Faisal Mekdad: if Cameron and Hague think weapons can force Assad’s departure, they are stupid’

The Independent has published an interview with Syrian Deputy Foreign Minister Faisal Mekdad. Below are excerpts of the interview

Syria is convinced the US cannot control the rebel groups it is arming and will be unable to get them to declare a ceasefire that would be central to any successful peace talks, says the country’s Deputy Foreign Minister. This puts a further obstacle in the way of negotiations in Geneva proposed by the US and Russia which seem the best chance of ending the Syrian civil war.

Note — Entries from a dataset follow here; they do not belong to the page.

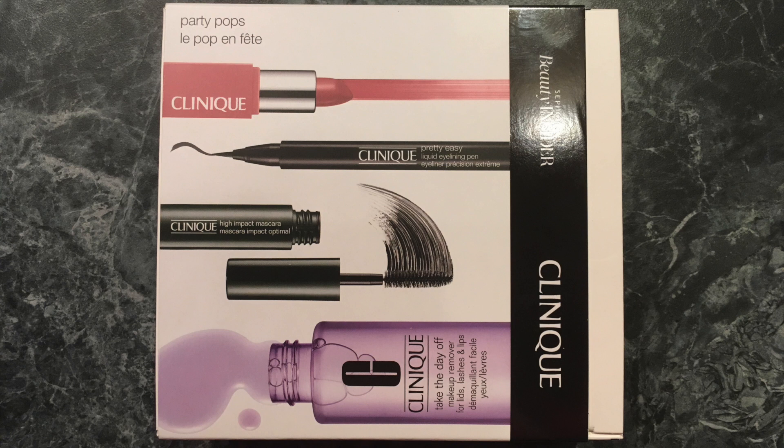But if you want to see me using these Clinique products sooner than later, just let me know.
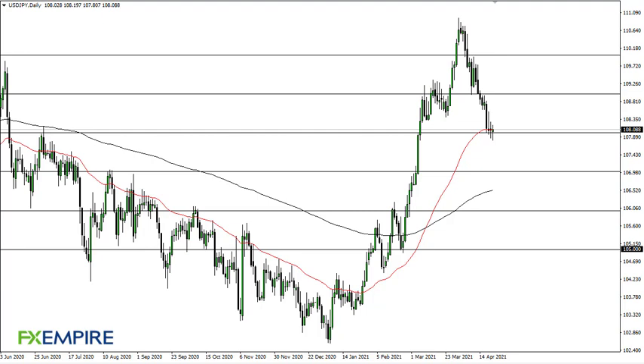From FX Empire, this is Chris taking a look at the dollar-yen. You can see that we are sitting at 108 for the third day in a row — we don't really have anywhere to be quite yet. That is something worth paying attention to. If we can break above the Tuesday candlestick, then I think that's your signal to go long.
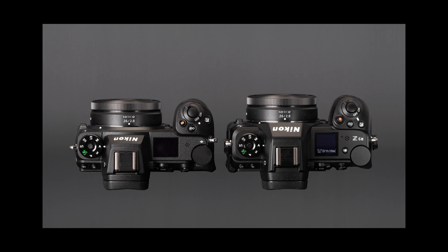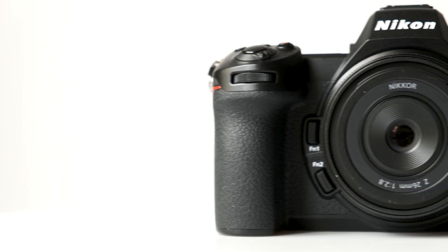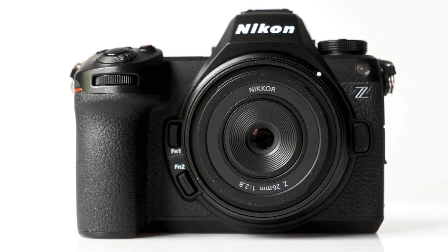The Z6 III looks an awful lot like a Z6 II, but the camera is actually slightly bigger. In return, you now get a fully articulating LCD, a much higher resolution 5.76 million dot viewfinder, and the camera is now weather-sealed to the same standard as the Z8.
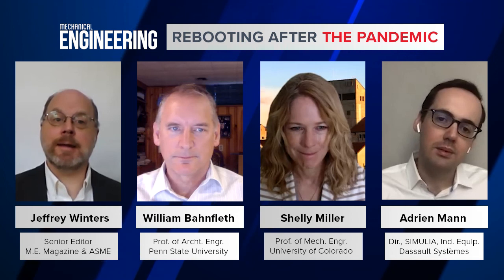That pretty much does it for today. I'd like to thank Shelly Miller, William Bonfleth, and Adrian Mann for joining us today. I'd also like to thank Dassault Systems and Safety Services Company for supporting today's conversation. I encourage all of you listening to join us for the next conversation, which will be on June 9th, when Alan S. Brown discusses how companies are taking the lessons from the recent economic shutdowns to create a more robust supply chain. Please watch an interview with ASME executive director and CEO Tom Costabile, who shares his perspective on how engineers are joining the fight against COVID-19. Thank you all for tuning in, and have a safe and healthy day.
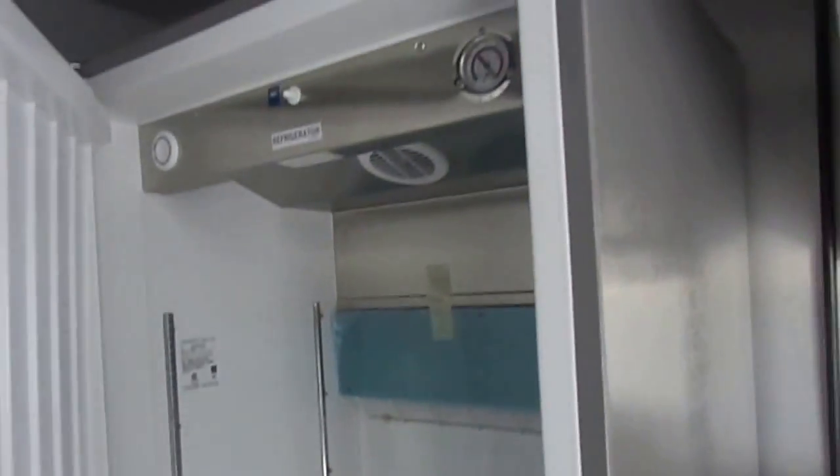We have a Kelvinator freezer, single door, 21 cubic foot, followed by a Kelvinator refrigerator, also 21 cubic foot. These are commercial appliances made of stainless steel.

It now appears they will either not take place, or if they do, they will achieve nothing.

 

Faisal Mekdad says in an interview with The Independent in Damascus that the Americans “provide arms and money but they have absolutely no control. Nobody will listen. The US has been trying to unify this opposition for two years and you can see the results: more disintegration.” Mr Mekdad has been at the centre of Syrian foreign policy at a time when the country has been progressively isolated, while still managing to retain crucial allies.

 

Mr Mekdad looks more confident and relaxed than he did six months ago, probably reflecting a Syrian government belief that it has survived the worst of the crisis. A dapper, fast-talking man, Mr Mekdad comes from Daraa in southern Syria where the uprising began two years ago.

 

Mr Mekdad says events have been moving in the Syrian government’s favour throughout the first half of the year. Its forces are on the offensive, having won a crucial battle at Qusayr outside Homs near the Lebanese border, and he stresses that the opposition should take heed. “It will send a clear message to armed groups, saying: ‘The Syrian army is coming for you,’” he says.

At the end of the interview Mr Mekdad commented that six months earlier Damascus had been resounding with the sound of artillery fire while now it is much quieter. In reality, this is not quite true and there is the constant boom of outgoing artillery and the occasional sharper crack of incoming fire from rebel mortars.

 

Mr Mekdad does not look overly concerned by the postponement of the Geneva II peace conference, saying that Syria had always been ready and willing to attend without preconditions. But he goes out of his way to refute the idea that, if the US and its allies could make the rebels a bit stronger on the battlefield, “they can force the government to give more concessions. This is completely wrong,” he says.

 

This is the argument of David Cameron and William Hague, who claim arming the rebels would tilt the balance of the war in their favour forcing Mr Assad to negotiate his own departure. “I think they are stupid,” says Mr Mekdad. “I think they are absolutely mistaken. More arms means more killing.”

 

Mr Mekdad denies that Iran has a single soldier or member of the Iranian Revolutionary Guard Corps in Syria, but adds that the Iranians are generous with economic and financial assistance.